Okay, I've now seen Cache and this, Michael Haneke's original Austrian version with the American remake coming out soon. I'll give him one more movie to prove that he's not completely heartless and smug, and then I'm done with him. Spoilers follow.
The plot of Funny Games is straight-forward. A middle-class family (including the late Ulrich Muhe, from The Lives of Others) is going for a weekend trip to their lake house, which is disrupted by two violent, psychopathic home invaders, a pair of charming young men. Torture and suspense ensues.

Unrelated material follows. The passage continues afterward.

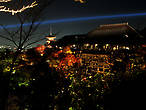 Ночная подсветка в храме Киёмидзу-дэра, Киото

Now I'm firmly on record as being a fan of horror movies and movies that feature torture and violence and gore, when used the right way. And indeed, when Funny Games is operating as a suspense thriller, it's very effective: excellent performances from the leads, finely observed details, unfliching direction and camerawork. The third act of the film (out of four) is particularly strong, showing (SPOILERS) the husband and wife recovering after their son has been murdered and the killers have fled, trying to figure out what to do next, how to survive when the killers might come back. It works because the audience is allowed to firmly feel sympathy and compassion for these heartbreaking characters.
The problem is, Haneke repeatedly uses poor-man's Brechtian techniques - a character who self-consciously winks to the camera and talks to the audience, a gimmick that at one point allows the film to be 'rewound' to redo a crucial plot twist - for the purposes of drawing the viewer's attention to the cinematic artifice. Once again, I don't have a problem with cinematic self-reflexivity - when used the right way (see DePalma, Brian). Haneke's intention appears to be to indict the audience (that most tedious of film-school concepts) into analyzing their attraction to violence, and to refresh our sense of outrage, to prevent us from enjoying the spectacle in traditional ways.
That's not how the film actually works, though, if you ask me. By breaking the cinematic illusion, Haneke's effect is not to undermine our relationship with the violent spectacle of the film, but rather to undermine and mock our emotional connection with the characters and their victimhood. When Haneke shows a killer torturing a wife by forcing her to choose whether she or her husband will be murdered by shooting or stabbing, and then looks at the camera to ask, "What do you think?" The effect is to spit in the face of anyone who would have a normal, human reaction to a another's dehumanization.
Let me put it this way: if you kick me in the balls, and then say "just kidding!", you still kicked me in the balls.
It's as if Haneke is trying to undermine the entire narrative tradition, not just in film but in any medium, in which characters are developed, go through emotional rises and falls, and through their journey the author conveys meaning to the audience. The only meaning I get out of Haneke's smug manipulations are that audiences are fools for processing and enjoying conventional narratives, and while I'm all in favor of shaking up the audience, or confronting people with unpleasant stories to shake them up, I can't get behind Haneke's nihilistic, anti-cinematic agenda. As far as I'm concerned, the best way to make horrifying images impactful to an audience that's grown numb by Hollywood violence is to play it straight and honest, in films from the original Texas Chainsaw Massacre to United 93. I don't need these post-modern head games to teach me how to feel when I go to the movies.
Anyone else? The guy keeps getting called a genius, so somebody must like his stuff.
PS: At least I also know that, if the remake is shot-for-shot faithful to the original, that at some point I can see Naomi Watts draping the world's worst sweater over a transparent bra.